Díez, que dejó su escaño en enero de este año y un mes después se dio de baja de UPyD, considera que el PSOE no puede permitirse esperar a la convocatoria de un congreso extraordinario porque “su necesidad de un liderazgo claro, firme y sin fisuras es acuciante”. Aunque admite que tiene “muchos asuntos que atender”, está dispuesta a “sacrificar parte de mi tiempo” por el bien del partido al que perteneció y cuyos ideales de base sigue compartiendo.
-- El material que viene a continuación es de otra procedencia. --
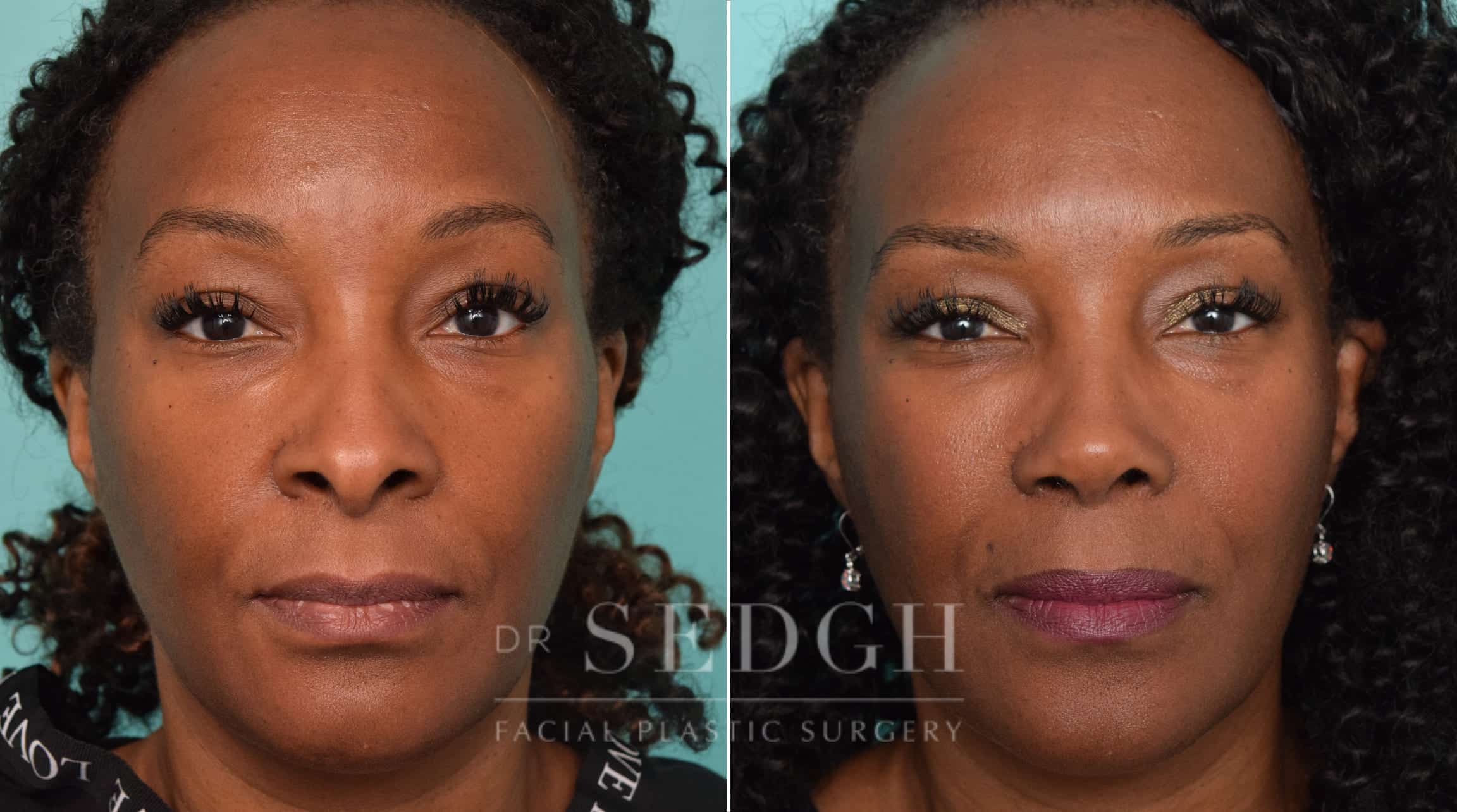 female patient before and after rhinoplasty procedure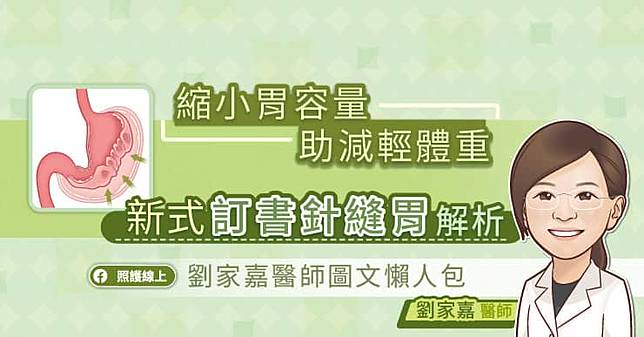 縮小胃容量助減輕體重，新式訂書針縫胃解析，劉家嘉醫師圖文懶人包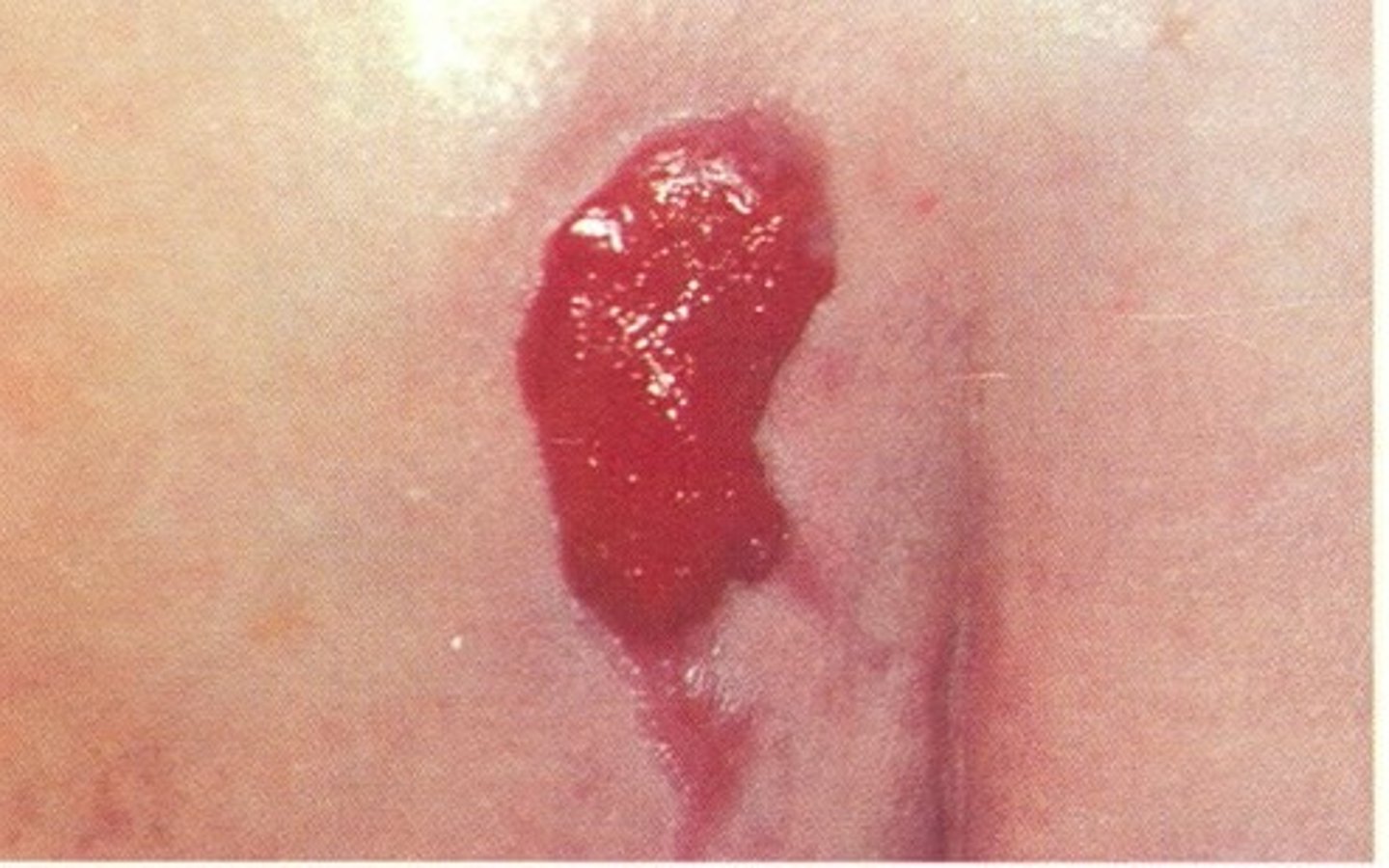 <p>The wound bed develops "beefy red" granulation tissue. You may see small endothelial buds (angiogenesis) and a pale pink border at the wound edges (epithelialization)</p>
“Me da pena ver por lo que están pasando. No soy una persona rencorosa o vengativa y no disfruto con el espectáculo que están dando”, confiesa Rosa Díez. “Ellos nunca me pedirán que vuelva y lo entiendo porque todos tenemos nuestro orgullo. Me fui y no pudieron o no supieron recuperarse. Ahora que la lección está aprendida, podemos continuar el proyecto tal y como lo dejamos entonces”, ha propuesto Díez.

Esta tarde, Rosa Díez acudirá a la sede del PSOE en la calle Ferraz de Madrid para “ponernos a trabajar todos juntos inmediatamente”. La política advierte a los españoles de que “es pronto para cantar victoria, el liderazgo no es el único problema que tiene este partido y no prometo arreglar la izquierda socialdemócrata en dos días”.